What needs to be done:
For the records that follow, restate each one word for word and leave the images behind.
■ ■ ■ ■ ■
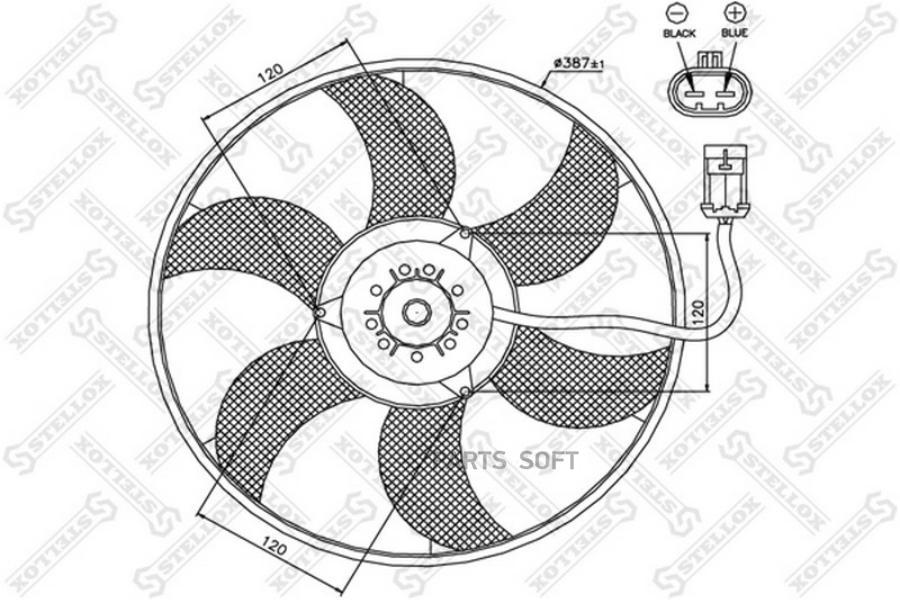 

STELLOX 2999308SX 29-99308-SX_вентилятор охлаждения!\ Opel Corsa 1.0-1.8 00>/Combo 1.6 01>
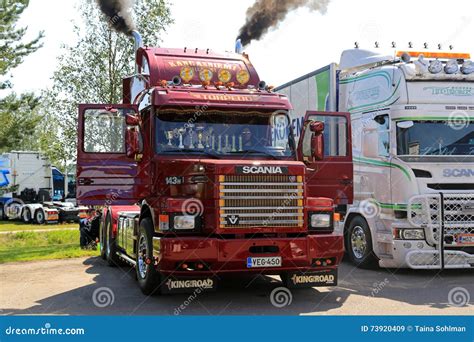 Classic Scania 143h Blows Steam Through Pipes Editorial Stock Image Image Of Chrome Front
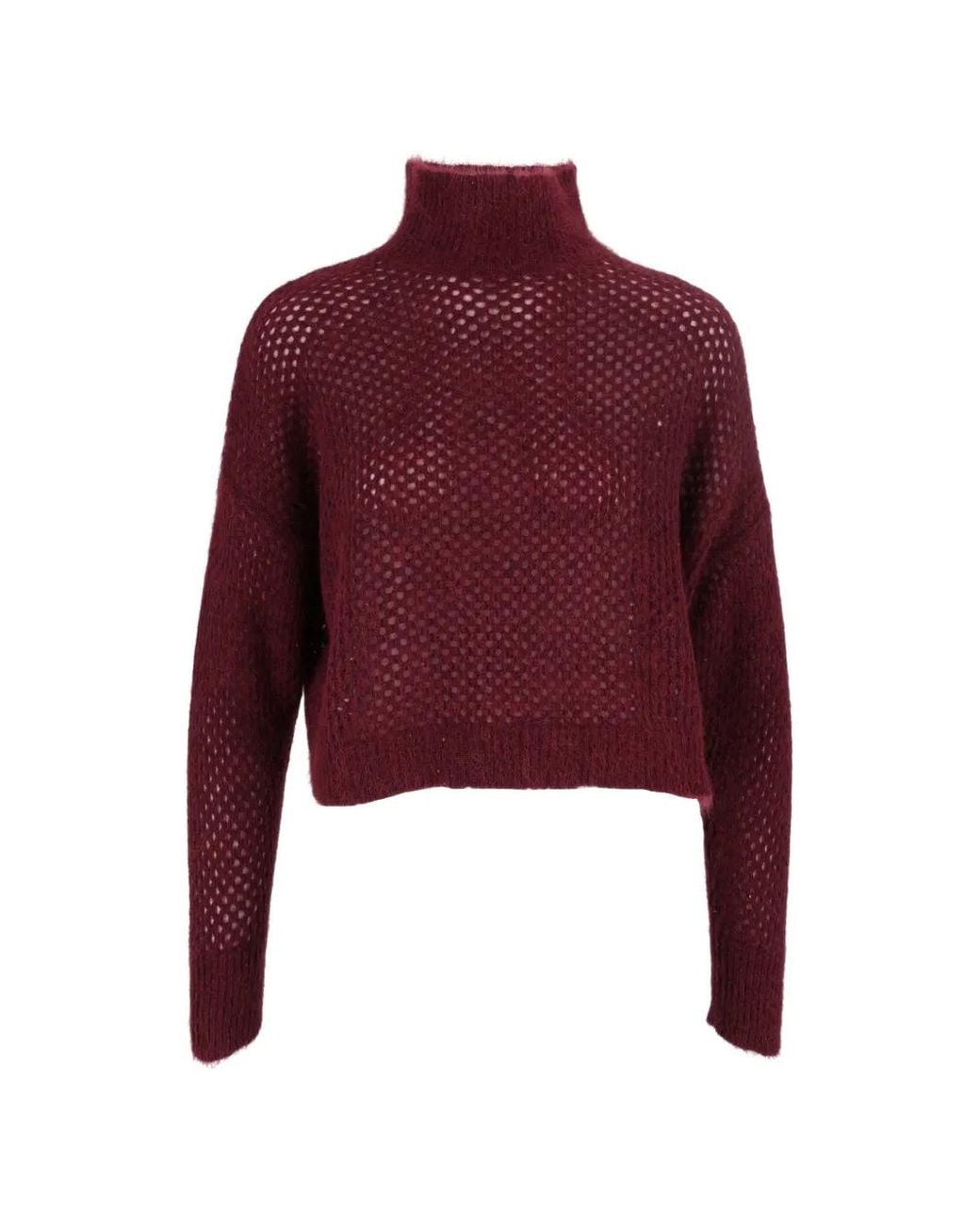 Antonelli Red Perforated-Knit High-Neck Sweater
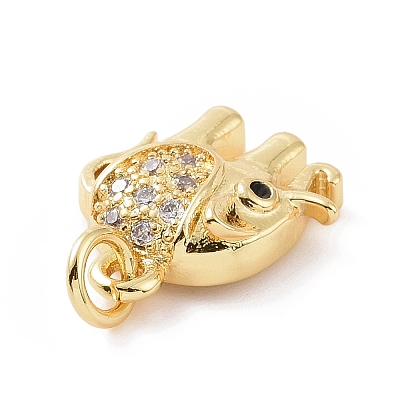 Brass Micro Pave Cubic Zirconia Charms KK-C012-21G-1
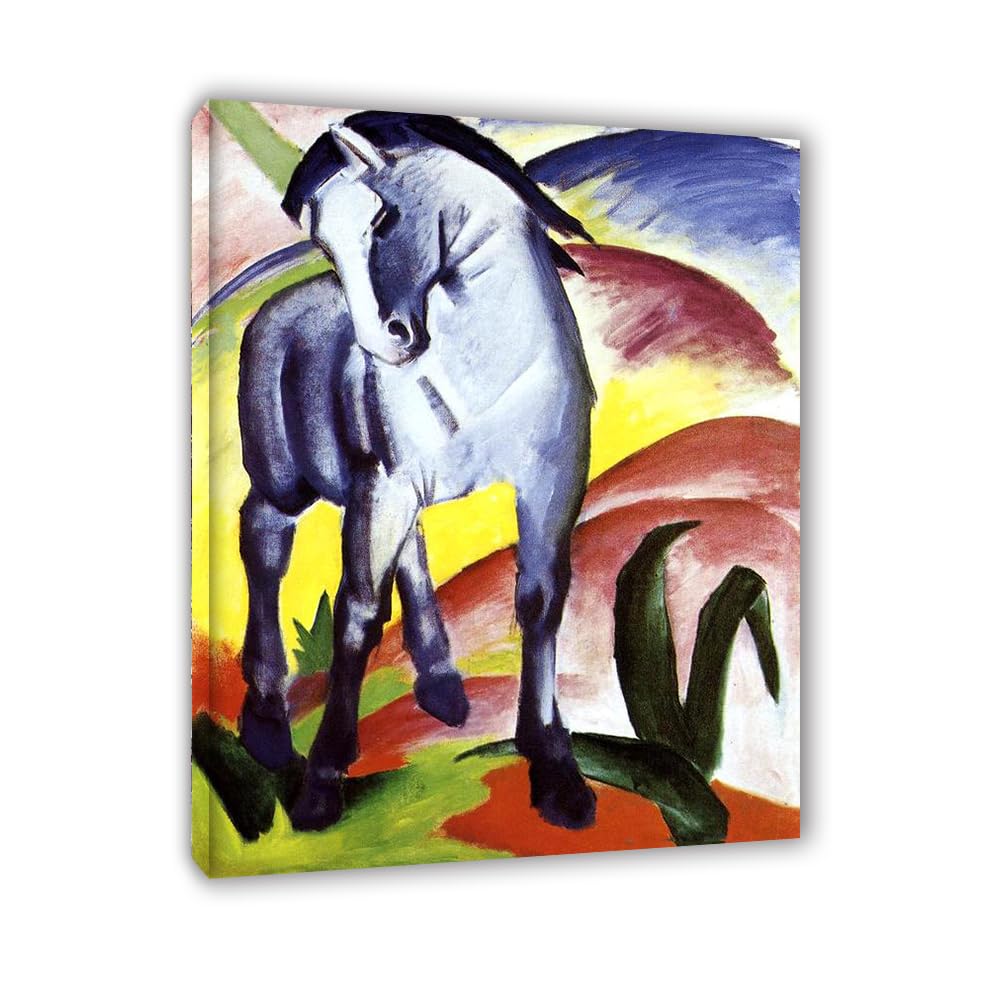 LZ6J8C9 Franz Marc《Blue Horse I》Famous Canvas Painting Reproductions.(50x65cm(19.7x25.6in)/Inner Frame)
■ ■ ■ ■ ■
Result below:
STELLOX 2999308SX 29-99308-SX_вентилятор охлаждения!\ Opel Corsa 1.0-1.8 00>/Combo 1.6 01>
 Classic Scania 143h Blows Steam Through Pipes Editorial Stock Image Image Of Chrome Front
 Antonelli Red Perforated-Knit High-Neck Sweater
 Brass Micro Pave Cubic Zirconia Charms KK-C012-21G-1
 LZ6J8C9 Franz Marc《Blue Horse I》Famous Canvas Painting Reproductions.(50x65cm(19.7x25.6in)/Inner Frame)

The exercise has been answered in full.